HAJI & UMRAH

HAJI & UMRAH

Gambar

Raml.

>Ketika thawaf qudum, pada tiga putaran pertama disunnatkan lari-lari kecil [ raml ], tetapi antara Ruknul Yamani dan Hajar Aswad berjalan biasa. “ .

Demikanlah kurang lebih penggalan materi yang diberikan oleh Prof Suwandojo Siddiq pada manasik umrah, hari Ahad tangggal 02 Mei 2010 M. hal ini mengundang pertanyaan dan kepenasaran; Apakah raml itu pada tiga putaran pertama secara penuh dari Hajar Aswad sampai Hajar Aswad, atau seperti yang dikemukanakan Profesor di atas ?. hal ini juga mendorong penulis untuk membaca ulang hadits-hadits tentang raml. Marilah kita perhatikan hadits-hadits di bawah ini:

عَنِ ابْنِ عُمَرَ t قَالَ: رَمَلَ رَسُوْلُ اللهِ r مِنَ الْحَجَرِ إِلَى الْحَجَرِ ثَلاَثًا وَمَشَى أَرْبَعًا. ) مسلم: 3040 (

Dari Ibnu Umar ra ia berkata: “ Rasulullah saw lari-lari kecil dari Hajar Aswad sampai Hajar Aswad pada tiga putaran [ pertama ] dan berjalan biasa pada empat putaran [ terakhir ]. “ [ Muslim, no: 3040 ]
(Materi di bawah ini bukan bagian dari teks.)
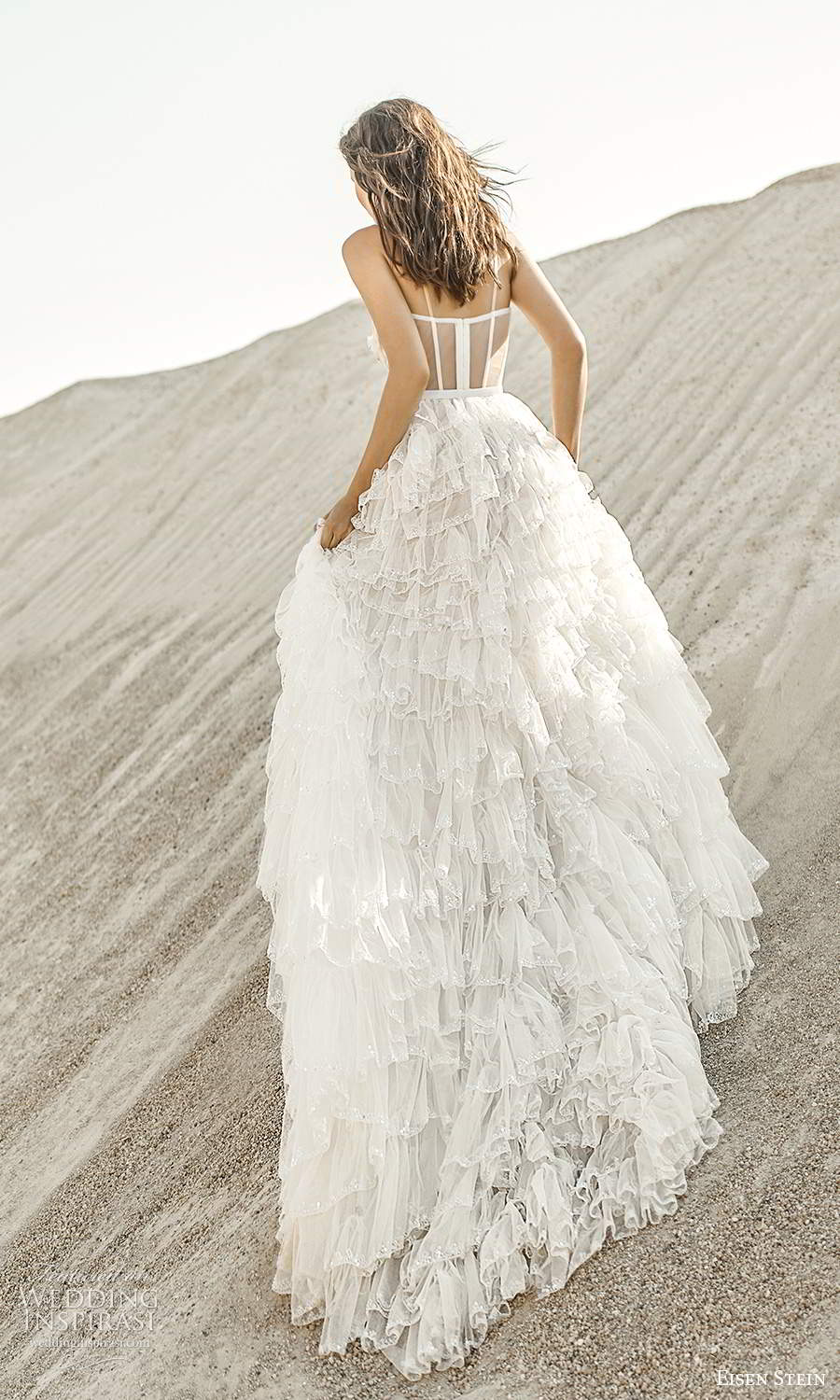 eisen stein fall 2021 bridal sleeveless thing straps semi sweetheart ruched bodice a line ball gown wedding dress tiered slit skirt chapel train (5) bv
عَنِ ابْنِ عُمَرَ t: أَنَّ رَسُوْلَ اللهِ r كَانَ إِذَا طَافَ فِيْ الْحَجِّ وَالْعُمْرَةِ أَوَّلَ مَا يَقْدَمُ فَإِنَّهُ يَسْعَى ثَلاَثَةَ أَطْوَافٍ بِالْبَيْتِ ثُمَّ يَمْشِيْ أَرْبَعَةً ثُمَّ يُصَلِّيْ سَجْدَتَيْنِ ثُمَّ يَطُوْفُ بَيْنَ الصَّفَا وَالْمَرْوَةِ. ) مسلم: 3038 (

Dari Ibnu Umar ra: “ Rasulullah saw apabila thawaf pada haji atau umrah ketika pertama kali ia tiba [ thawaf qudum ] ia berlari-lari kecil pada tiga putaran [ 1 s/d 3 ], lalu berjalan biasa pada empat putaran [ 4 s/d 7 ], lalu shalat dua rakaat [ di maqam Ibrahim ], kemudian  thawaf [ sa’i ] antara Shafa dan Marwa. “  [ Muslim, no: 3038 ]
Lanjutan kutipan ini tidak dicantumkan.